Server Side Request Forgery (SSRF) is a significant threat to Apps and APIs, allowing attackers to manipulate server-side requests and access sensitive resources. Understanding the risks associated with SSRF and implementing appropriate security measures can help organizations protect their APIs and the data they handle. By validating input, implementing network segmentation, restricting access to external resources, keeping dependencies updated, and conducting ongoing security testing, organizations can reduce the likelihood of SSRF attacks and safeguard their API infrastructure.

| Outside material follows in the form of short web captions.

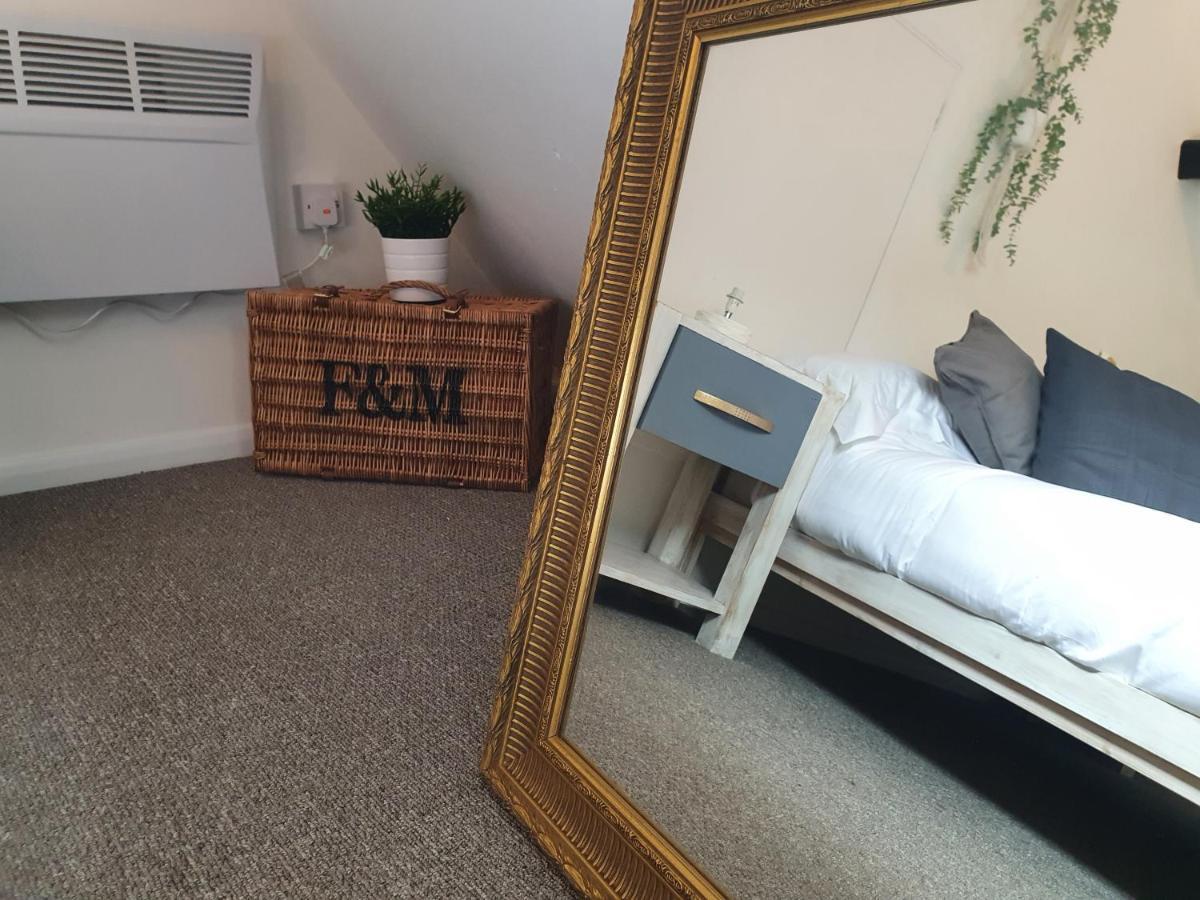 Grade I Listed Luxury Apartment In Hertfordshire 웨어 외부 사진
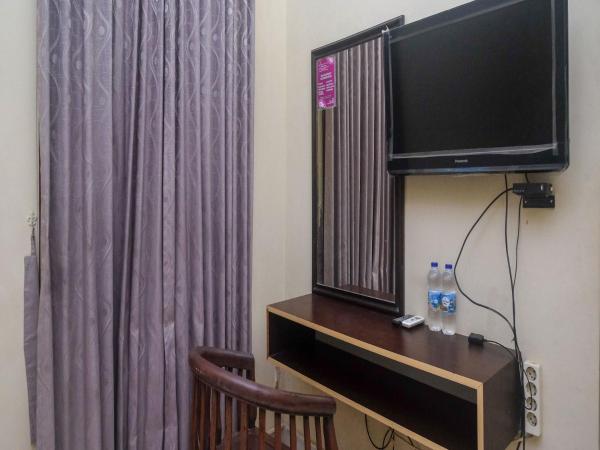 RedDoorz Plus @ Timoho : photo 8 de la chambre chambre double standard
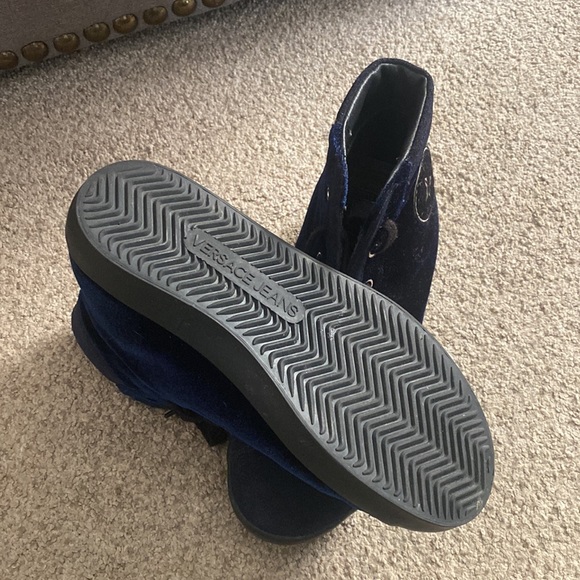 Versace - Picture 3 of 4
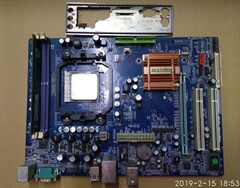 顶星 F-N5AW （NF520） DDR2 主板 AM2 CPU 集成声网卡带内存档板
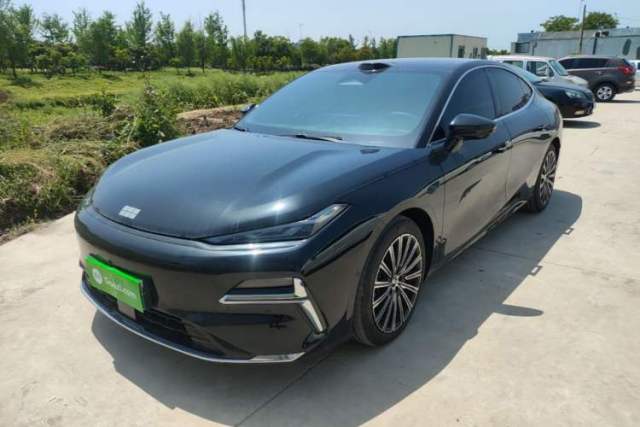 Used Geely Galaxy 8 2025 130km EM-P Starship Edition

Security Misconfiguration is another significant and insidious vulnerability that can expose APIs to various security risks and compromise data confidentiality, integrity and availability. Understanding the risks associated with Security Misconfiguration and implementing appropriate security measures is crucial for organizations to protect their APIs from potential attacks. By following best practices such as changing default configurations, regular patching, implementing the principle of least privilege, secure error handling, conducting security audits, and deploying securely, organizations can enhance the security posture of their APIs and mitigate the risk of Security Misconfiguration.

Security is an ongoing process, and regular assessments, updates and monitoring are essential to ensure the continued protection of APIs against evolving threats.